Usando o diálogo, Eda foi uma das primeiras pessoas a ouvir as necessidades de quem vive no local. “Quando cheguei ao Capão, há 15 anos, o sonho dos meninos era sobreviver ao dia seguinte. Hoje eles estão realmente sonhando”, conta.

O CIEJA recebe 1.300 alunos, em uma casa de portões abertos no Campo Limpo, sendo 282 deles portadores de necessidades especiais. “A comunidade pode opinar, porque fazemos assembleias e damos voz a esses jovens e adultos”. Eda, que é considerada uma mãe dentro da comunidade, concluiu dizendo que o bairro ainda convive com “o massacre do menino preto e pobre”, mas que a luta continua.

"Até o ONU chegou lá, viu que era perigoso, e foi embora”

André Luis, de 19 anos, fundador da TV DOC, foi o segundo a compartilhar a trajetória de seu projeto de engajamento social. A TV comunitária se propõe a desenvolver e dar voz aos jovens da região, através dos meios de comunicação multimídia. André deu uma aula de superação e articulação ao compartilhar sua história. “Conheci o lado obscuro do Capão. Até o ONU chegou lá, viu que era perigoso, e foi embora”, disse.

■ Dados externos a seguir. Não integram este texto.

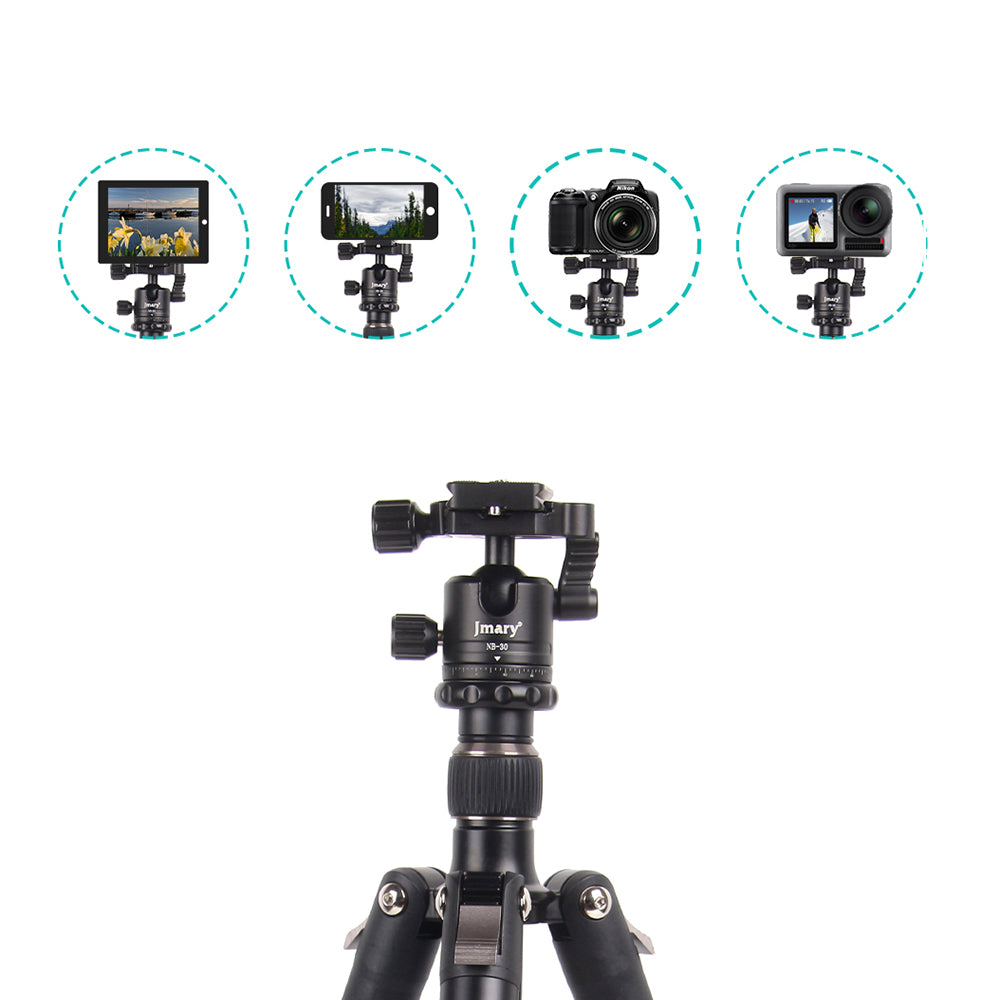Jmary KT3255NB30 – 164,5 cm Ayrılabilir Monopodlu Tripod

Após passar por momentos difíceis em sua adolescência, o estudante começou a pensar “fora da caixa” e criou a TV comunitária do Capão em seu próprio quarto. O objetivo da TV é mostrar o lado bom das “quebradas” e levantar a autoestima de quem mora na comunidade. A TV organiza oficinas para a produção de curtas-metragens e palestras. “Quando você não tem uma causa, você está morto”, afirmou.

Projeto Viela

Anderson Agostinho, um dos criadores do Projeto Viela, desenvolvido há 7 anos, mostrou que a escolha de um caminho de vida mais fácil não o agradava. Buiu, como é conhecido no distrito, criou a iniciativa social que transforma a realidade de jovens do Jardim Ibirapuera, através da cultura e do esporte, acolhendo sonhos e estimulando potenciais.

O Projeto Viela participou, em 2015, de um programa da Fundação Fenômenos, o Impulso - uma mentoria individualizada que contribui com jovens que “buscam um novo olhar para suas iniciativas”. Participam desse programa lideranças de organizações, negócios sociais e coletivos comunitários que identificam seus desafios e co-criam com seus mentores seus planos de ação. Em 2015, cem jovens foram atendidos e a sede do Viela foi construída.

“Não é porque você tem escassez de recursos financeiros, que não pode criar algo novo."

Último, mas não menos importante, Bruno Capão, de 27 anos, compartilhou suas experiências no empreendedorismo social. Depois de sair da FEBEM e realizar um dos seus sonhos, que era ser lixeiro, Bruno criou junto com seu irmão, José Carlos, o projeto Sustenta CaPaõ - uma padaria artesanal comunitária, onde cada detalhe contém material vindo de reciclagem ou reutilização própria da comunidade.

Para Bruno, o maior recurso são as pessoas e não o dinheiro. “Viver com menos é ter a mudança dentro de você”, disse. Morador do Capão, Bruno participou de um episódio do Projeto Imagina Você e conta que “o maior recurso são as pessoas. Quando estamos conectados com o eu maior, coisas incríveis acontecem”.

Ele acredita que é preciso desmistificar a ideia de escassez nas periferias. “Não é porque você tem escassez de recursos financeiros, que não pode criar algo novo. Ter menos me ajudou a enxergar as possibilidades de empreender”, concluiu.